Le sous-sol africain ne fait plus recette

La forte baisse des cours des matières premières menace directement les finances de plusieurs pays qui misaient sur leurs exploitations minières pour maintenir leur croissance.

Publié le 11 février 2009 Lecture : 5 minutes.

Après quatre ans d’euphorie et de multiplication des projets d’investissements, le marché minier a la gueule de bois. Depuis juillet 2008, les cours du cobalt, de l’uranium, de l’aluminium et du cuivre ont en moyenne dégringolé de 50 %. Pour la plupart des producteurs, petits et grands, les prix de vente ne couvrent plus les coûts d’exploitation. En manque d’argent frais, ils réduisent la voilure : certains arrêtent leurs sites de production, d’autres retardent des investissements, surtout ceux qui n’en sont encore qu’à leurs balbutiements. Avec un tiers des réserves minières mondiales et des gisements inexploités qui sont autant d’opportunités, l’Afrique est en première ligne des victimes de la déprime du secteur. De nombreux États, dont le budget dépend des recettes tirées de l’exportation des minerais, vont devoir se serrer la ceinture cette année.

CUIVRE ET COBALT
RD Congo : un manque à gagner de 930 millions de dollars
Depuis juillet dernier, le cours du cuivre a chuté de 60 %, à 3 000 dollars la tonne.

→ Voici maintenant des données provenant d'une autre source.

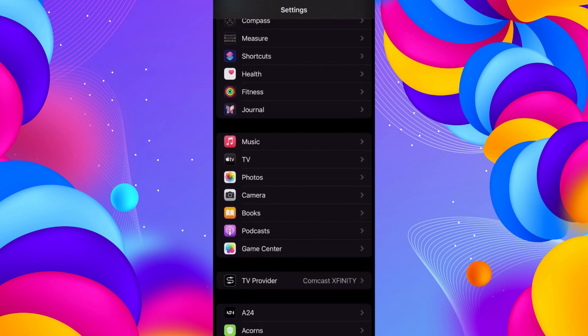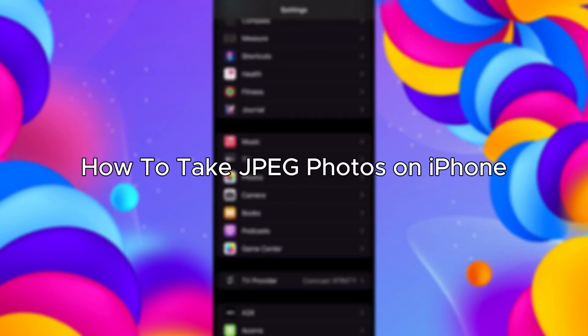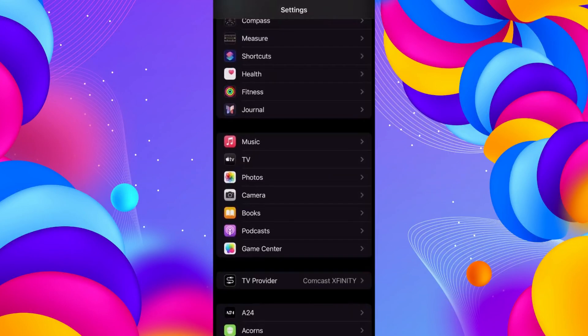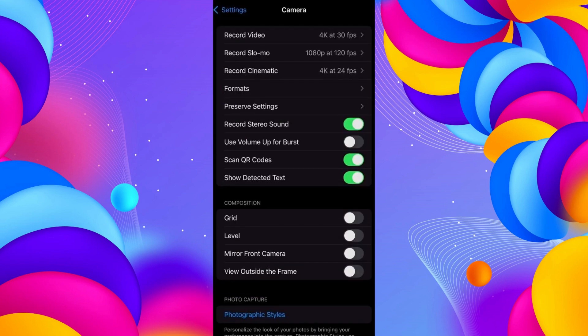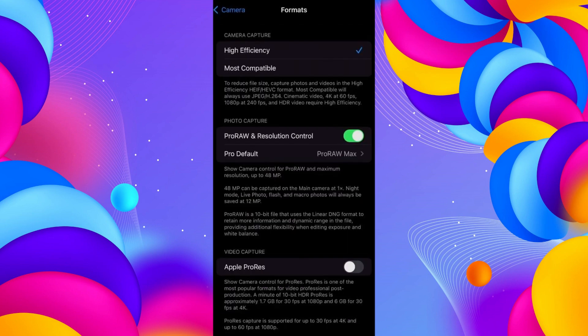Hello everybody, and in today's video I'll be teaching you how to take JPEG photos on iPhone. Let's get started. First, go into Settings, scroll down to Camera, click on Formats, and under the first section click on Most Compatible.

D’après les prévisions du groupe d’assurance-crédit Euler Hermes, la baisse devrait se poursuivre en 2009 et le prix moyen dégringoler de 55 % par rapport à 2008. Quant au cobalt, extrait dans les mêmes gisements, son cours a été divisé par cinq, à 9 dollars la livre. Avec 10 % des réserves mondiales de cuivre et 34 % de celles de cobalt, la République démocratique du Congo (RDC) fait déjà les frais de la décrue. Quarante des 70 sociétés minières opérant au Katanga, première province minière du pays, l’ont quittée. Selon un économiste sur place, 20 000 salariés du secteur minier ont déjà perdu leur travail. En décembre, le ministre des Mines de la province annonçait même que 300 000 emplois au total seraient supprimés. Une estimation jugée plausible si l’on tient compte des petits creuseurs informels ainsi que des employés des secteurs indirectement touchés par la crise (travaux publics par exemple).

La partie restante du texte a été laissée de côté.